Kesilecek kurbanların, hem kurban sahiplerinin yemesi, hem de sıkıntı içindeki yoksullara gıda ihtiyaçlarının karşılanması amacıyla dağıtılması 34. Ayet’te şöyle ifade edilir: "Onlar (kesim için) sıraya dizildiklerinde üzerlerine Allah’ın adını anınız, cansız halde yere serildiklerinde ise onlardan hem kendiniz yiyiniz, hem de ihtiyacını gizleyen ve gizlemeyen yoksulları doyurunuz. İşte onları şükredesiniz diye sizin istifadenize verdik." Şu halde sırf bir emrin şekli olarak yerine getirilmesiyle yetinip, kurban etlerinin heder edilmesi veya dağıtılmayıp sadece kesen tarafından tüketilmesi Kur’an’ın ruhuna uygun bir uygulama değildir.
* * *
Kurban kesimindeki düzensizliklere ve kötü görüntülere son vermek amacıyla, başkanlığım döneminde bir Bakanlar Kurulu kararı ve ona dayalı olarak bir yönetmelik yürürlüğe sokulmuş, böylece buna bir disiplin getirilmiştir. Mekke’de hacılarımızın ise 1984 yılından bu yana İslam Bankası aracılığıyla kurbanları kestirilmekte, kurbanlar yerinde değerlendirilerek yoksul ülkelere gönderilmektedir.
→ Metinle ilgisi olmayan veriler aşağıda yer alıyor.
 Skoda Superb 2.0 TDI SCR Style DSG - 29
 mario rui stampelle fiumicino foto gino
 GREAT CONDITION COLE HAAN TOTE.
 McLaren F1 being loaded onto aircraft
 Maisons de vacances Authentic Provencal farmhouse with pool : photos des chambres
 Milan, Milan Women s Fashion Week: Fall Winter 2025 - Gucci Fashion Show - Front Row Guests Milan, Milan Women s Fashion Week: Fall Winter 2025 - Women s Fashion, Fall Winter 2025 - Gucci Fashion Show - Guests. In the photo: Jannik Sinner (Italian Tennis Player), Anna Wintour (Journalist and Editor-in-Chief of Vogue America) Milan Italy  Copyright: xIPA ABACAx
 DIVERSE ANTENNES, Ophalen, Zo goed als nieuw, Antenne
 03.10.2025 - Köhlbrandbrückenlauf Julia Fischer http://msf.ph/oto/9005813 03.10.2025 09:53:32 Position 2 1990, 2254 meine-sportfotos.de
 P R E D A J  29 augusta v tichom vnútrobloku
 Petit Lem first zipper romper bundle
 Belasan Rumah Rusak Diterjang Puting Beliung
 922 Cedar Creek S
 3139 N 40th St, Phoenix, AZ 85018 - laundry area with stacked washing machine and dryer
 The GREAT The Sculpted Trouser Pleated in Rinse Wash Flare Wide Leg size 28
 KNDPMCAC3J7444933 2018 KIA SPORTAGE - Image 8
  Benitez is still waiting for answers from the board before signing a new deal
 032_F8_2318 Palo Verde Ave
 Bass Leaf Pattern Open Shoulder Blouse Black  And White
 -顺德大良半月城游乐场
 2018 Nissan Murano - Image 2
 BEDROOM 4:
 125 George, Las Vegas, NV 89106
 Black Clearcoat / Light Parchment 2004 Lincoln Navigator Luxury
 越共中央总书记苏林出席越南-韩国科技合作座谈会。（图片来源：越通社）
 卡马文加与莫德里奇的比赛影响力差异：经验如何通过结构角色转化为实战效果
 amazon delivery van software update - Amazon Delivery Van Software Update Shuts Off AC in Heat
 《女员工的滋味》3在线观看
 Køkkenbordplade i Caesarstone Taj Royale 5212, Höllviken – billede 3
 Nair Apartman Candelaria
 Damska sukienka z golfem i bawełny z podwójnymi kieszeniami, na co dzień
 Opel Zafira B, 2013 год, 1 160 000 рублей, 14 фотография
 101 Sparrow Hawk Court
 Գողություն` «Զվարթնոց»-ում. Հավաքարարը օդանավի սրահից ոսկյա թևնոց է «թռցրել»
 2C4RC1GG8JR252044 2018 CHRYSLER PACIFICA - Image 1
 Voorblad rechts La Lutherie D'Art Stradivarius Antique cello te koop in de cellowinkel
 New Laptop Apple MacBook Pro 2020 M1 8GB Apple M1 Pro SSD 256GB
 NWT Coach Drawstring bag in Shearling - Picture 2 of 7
Bayramlar ülkemizde barış ve sevginin güçlendirilmesi, toplumsal dayanışma ve huzurun pekiştirilmesi açısından müstesna zaman dilimleridir. Aziz milletimizin ve İslam áleminin mübarek Kurban Bayramı’nı ve yeni yılını en içten dileklerimle kutluyorum.
SORALIM ÖĞRENELİM
Emlak komisyonculuğundan kazandığım paranın haram olduğunu söylüyorlar. Bu doğru mu?
Nadir TOPRAK
Bir mülkün satışında aracı olan kimsenin alıcı veya satıcıdan, yahut her ikisinden aralarında mutabık kaldıkları ücreti alması caizdir. Aralarında bir ücret belirlememişlerse örfe göre belirlenen ücreti alır.
Her yıl Kurban Bayramı’nı Kuşadası’nda geçiriyorum. Kimileri seferi olduğum için kurban kesmemem gerektiğini söylüyorlar. Doğru mu?
İrfan MAHMUTOĞLU/VAN
Her bayram Kuşadası’na gitmeniz, kurban kesmemek için bir gerekçe sayılamaz. Bulunduğunuz yerde kesebileceğiniz gibi, vekálet vermek suretiyle de kurbanınızı kestirebilirsiniz.
Affedilmeyen günah var mıdır? Kur’an’da geçen "nasuh tövbesi" hakkında bilgi verir misiniz? Ölen kişi için dua etmek fayda sağlar mı?
Elif T.
Yüce Allah kendisine şirki, yani kendisine ortak koşmayı bağışlamaz. Bunun dışında bütün günahları bağışlayacağını Kur’an-ı Kerim’de haber vermiştir. Nasuh tövbesi, içten ve samimi bir pişmanlıkla yapılacak tövbedir. Nasuh tövbesinde şunlar bir arada bulunmalıdır: Geçmiş günahlara pişmanlık, farzları yerine getirme, haksız kazançları geri verme, hak sahipleriyle helalleşme, bir daha günahlara dönmemeye kesin karar verme. Nitekim, Kur’an-ı Kerim’de "Ey iman edenler! Allah’a nasuh bir tövbeyle tövbe edin" buyurulmuştur. Dirilerin duası ölülere fayda sağlar. Nitekim Kur’an-ı Kerim’de, "Rabbim! Beni, anne ve babamı ve müminleri kıyamet günü bağışla" şeklinde dua etmek tavsiye edilmiştir. Bir hadiste de "Dua, ölünün azabını kaldırır veya hafifletir" buyurulmaktadır. İslam bilginleri bu görüşü benimsemişlerdir.